▶ _Supplied material_
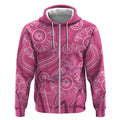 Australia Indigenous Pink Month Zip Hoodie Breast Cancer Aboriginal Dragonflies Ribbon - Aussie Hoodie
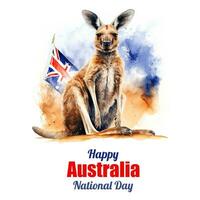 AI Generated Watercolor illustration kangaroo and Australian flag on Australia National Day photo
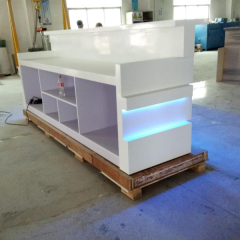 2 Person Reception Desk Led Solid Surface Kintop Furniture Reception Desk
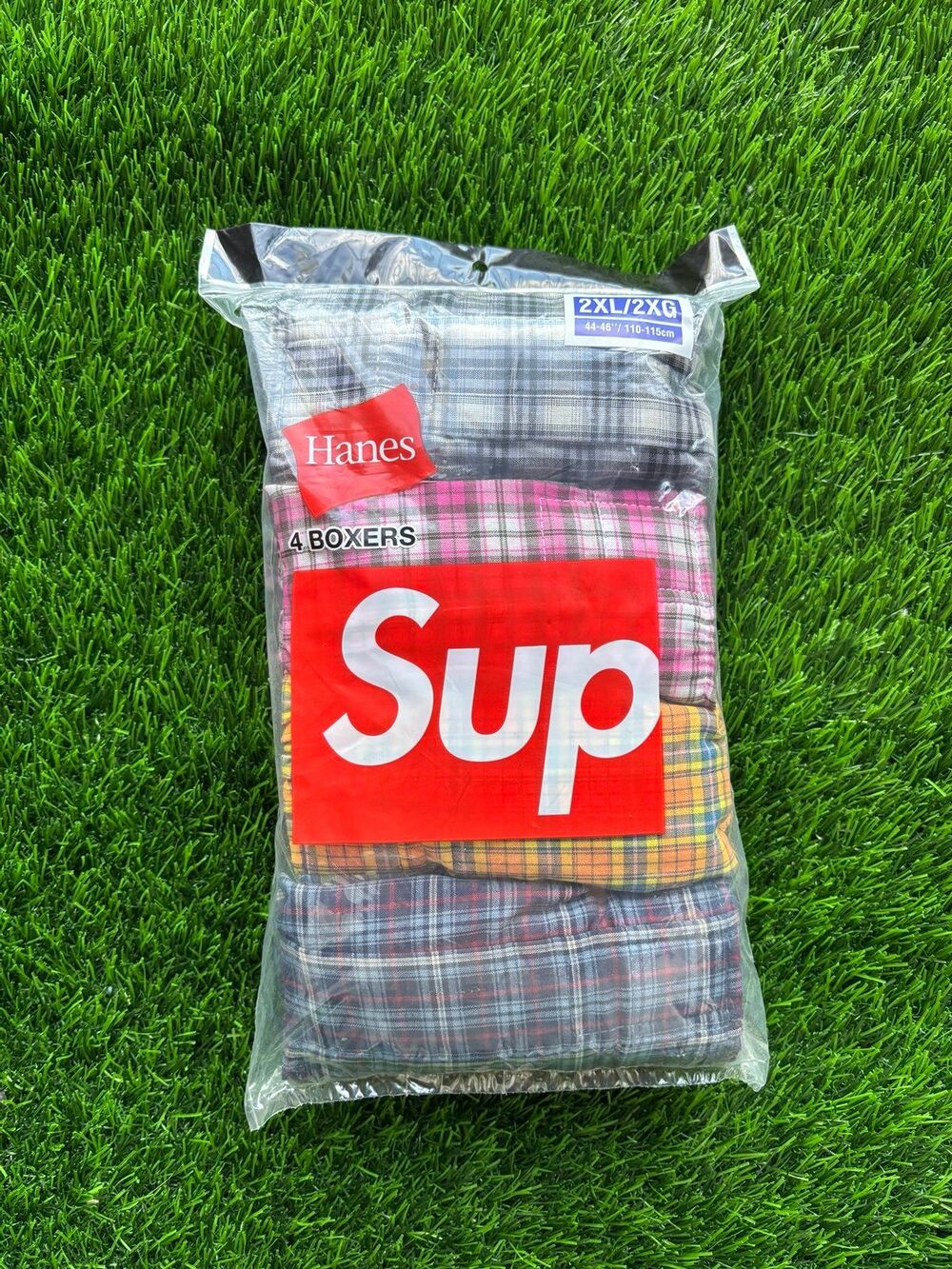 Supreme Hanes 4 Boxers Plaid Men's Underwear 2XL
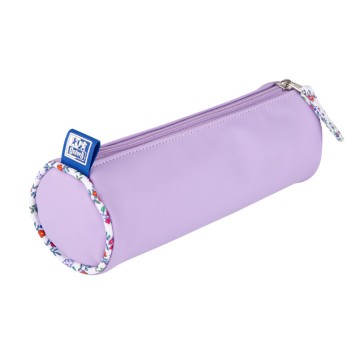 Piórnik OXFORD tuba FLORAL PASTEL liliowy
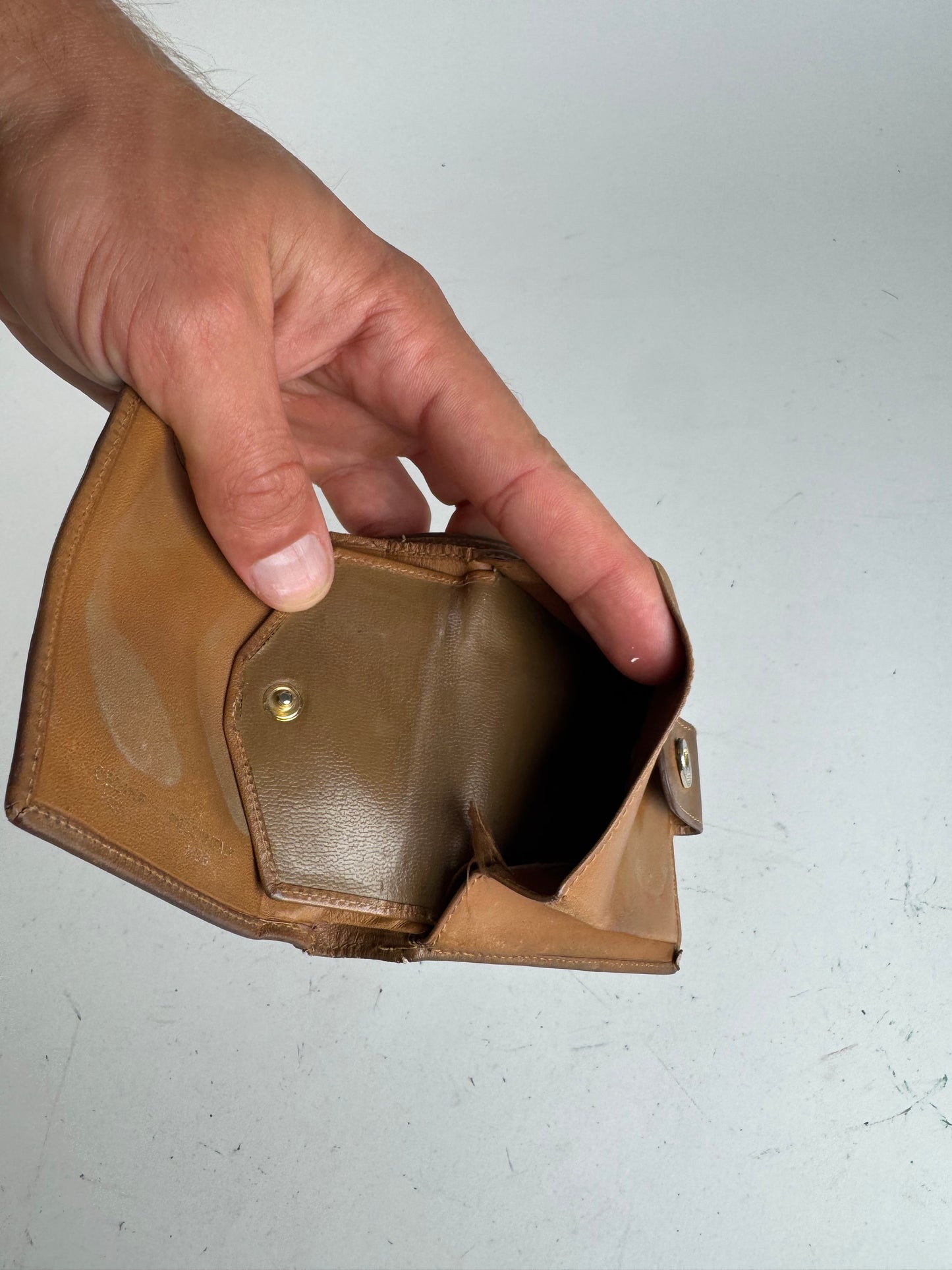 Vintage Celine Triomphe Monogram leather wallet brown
==
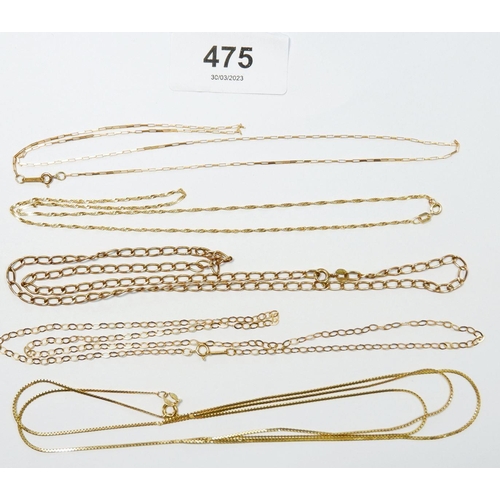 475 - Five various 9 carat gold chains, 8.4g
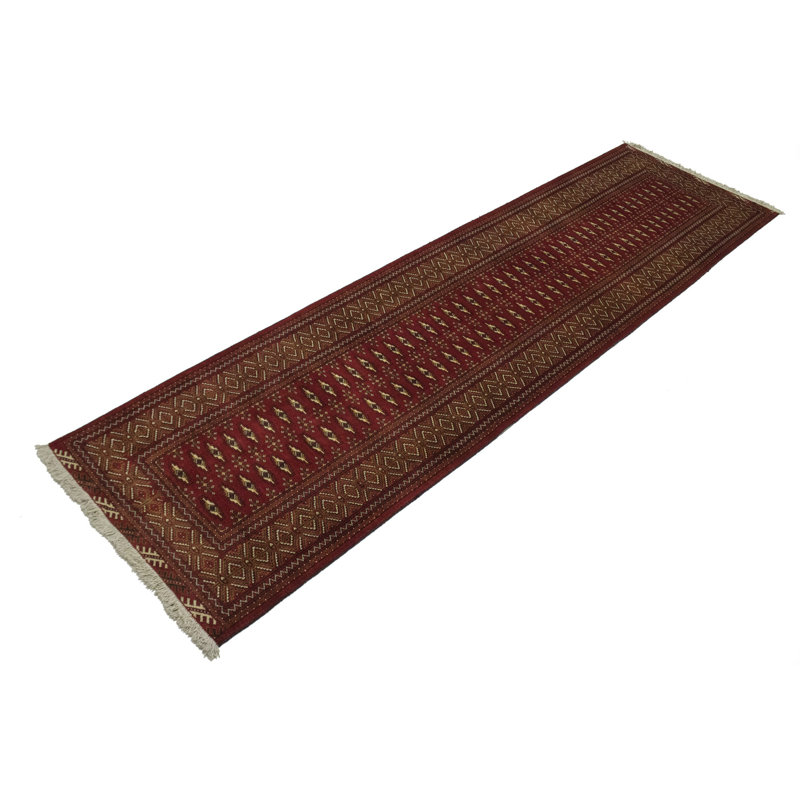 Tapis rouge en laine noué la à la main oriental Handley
* * *
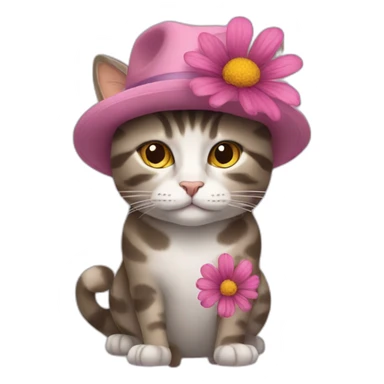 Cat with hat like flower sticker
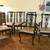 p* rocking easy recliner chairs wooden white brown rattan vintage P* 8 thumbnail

▶ _Work instructions_
Transcribe exactly the lines above, beginning at the one with "2 Person Reception Desk Led Solid" and going up to and including the one with "Vintage Celine Triomphe". Pictures do not belong in the copy.

▶ _Answer to the exercise_
 2 Person Reception Desk Led Solid Surface Kintop Furniture Reception Desk
 Supreme Hanes 4 Boxers Plaid Men's Underwear 2XL
 Piórnik OXFORD tuba FLORAL PASTEL liliowy
 Vintage Celine Triomphe Monogram leather wallet brown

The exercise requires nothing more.